[Captioned web image data]
•••

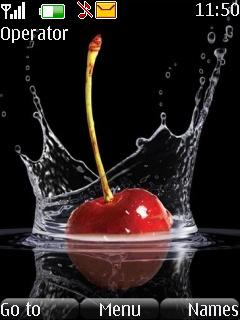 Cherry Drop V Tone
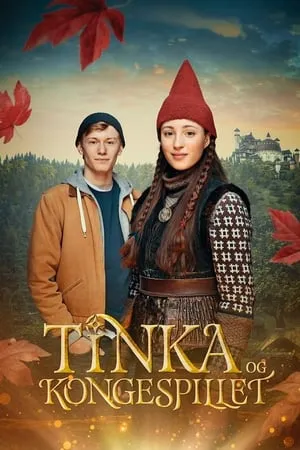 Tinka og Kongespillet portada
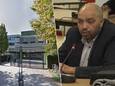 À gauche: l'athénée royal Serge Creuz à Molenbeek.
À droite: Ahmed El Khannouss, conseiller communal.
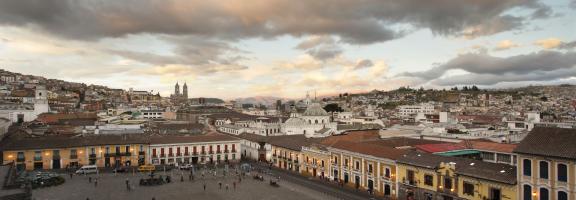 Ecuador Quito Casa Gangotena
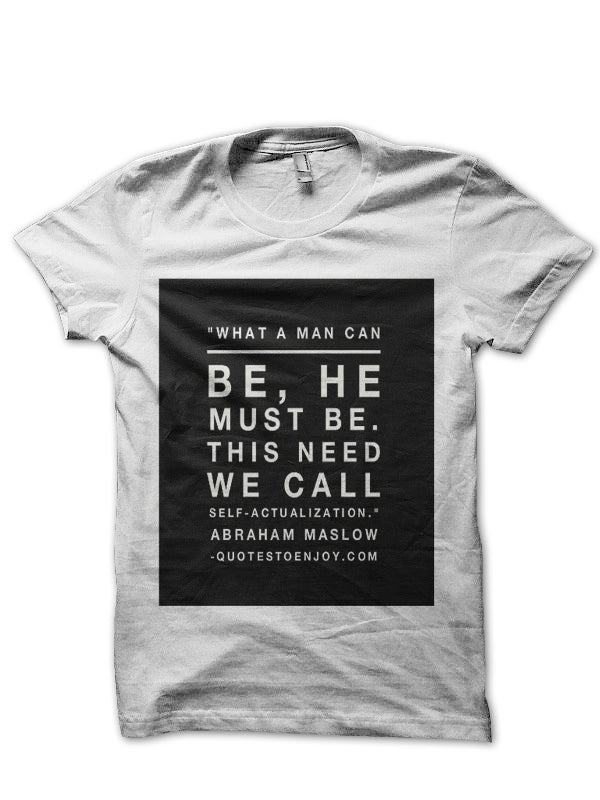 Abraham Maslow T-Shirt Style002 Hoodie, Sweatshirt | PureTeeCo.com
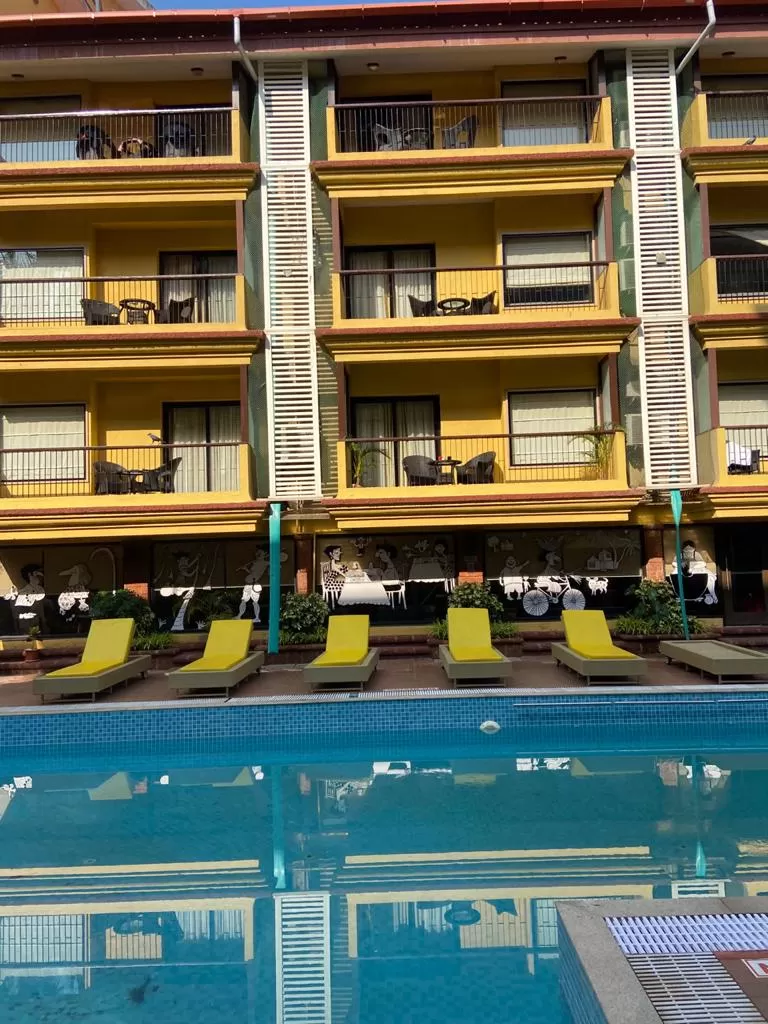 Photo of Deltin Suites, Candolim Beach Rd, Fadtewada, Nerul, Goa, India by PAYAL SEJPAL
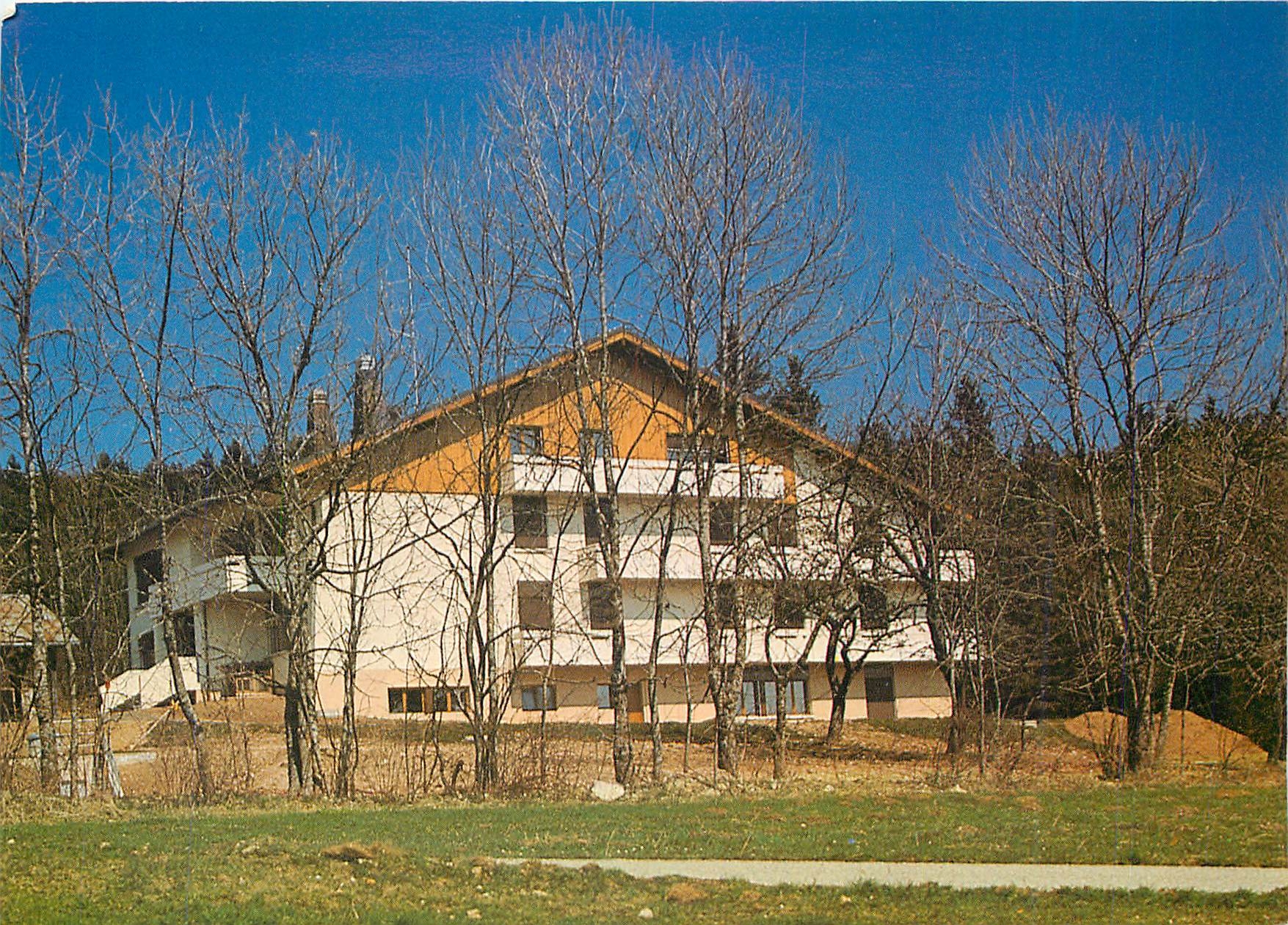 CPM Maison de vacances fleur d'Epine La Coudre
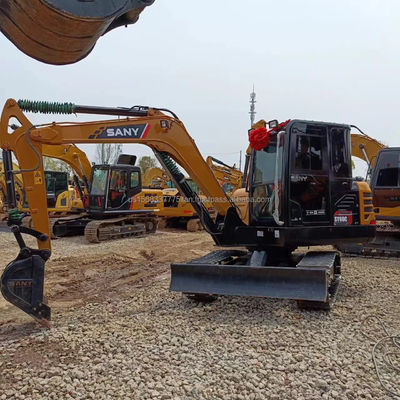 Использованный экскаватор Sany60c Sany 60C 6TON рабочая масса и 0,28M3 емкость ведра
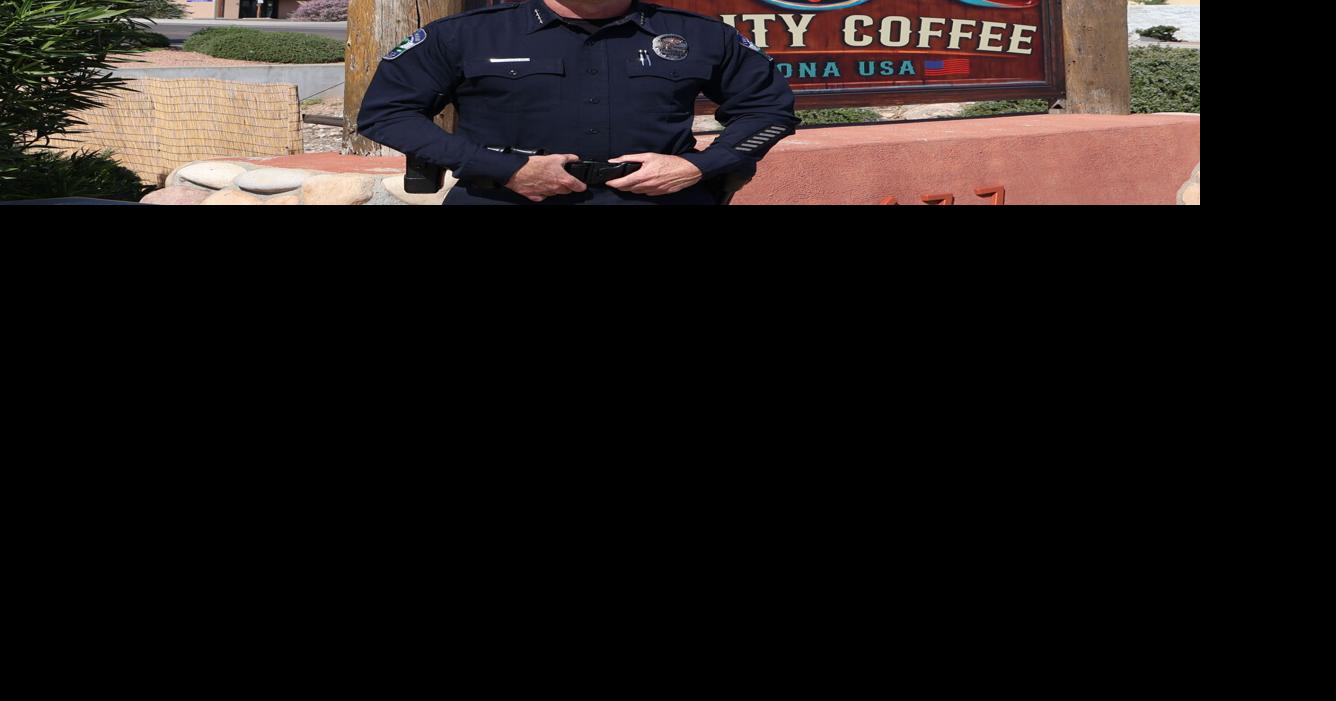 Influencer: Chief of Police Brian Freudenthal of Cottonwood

•••

**Your task**
Each entry needs to be retyped exactly; the pictures stay out.

**Task solution**
 Cherry Drop V Tone
 Tinka og Kongespillet portada
 À gauche: l'athénée royal Serge Creuz à Molenbeek.
À droite: Ahmed El Khannouss, conseiller communal.
 Ecuador Quito Casa Gangotena
 Abraham Maslow T-Shirt Style002 Hoodie, Sweatshirt | PureTeeCo.com
 Photo of Deltin Suites, Candolim Beach Rd, Fadtewada, Nerul, Goa, India by PAYAL SEJPAL
 CPM Maison de vacances fleur d'Epine La Coudre
 Использованный экскаватор Sany60c Sany 60C 6TON рабочая масса и 0,28M3 емкость ведра
 Influencer: Chief of Police Brian Freudenthal of Cottonwood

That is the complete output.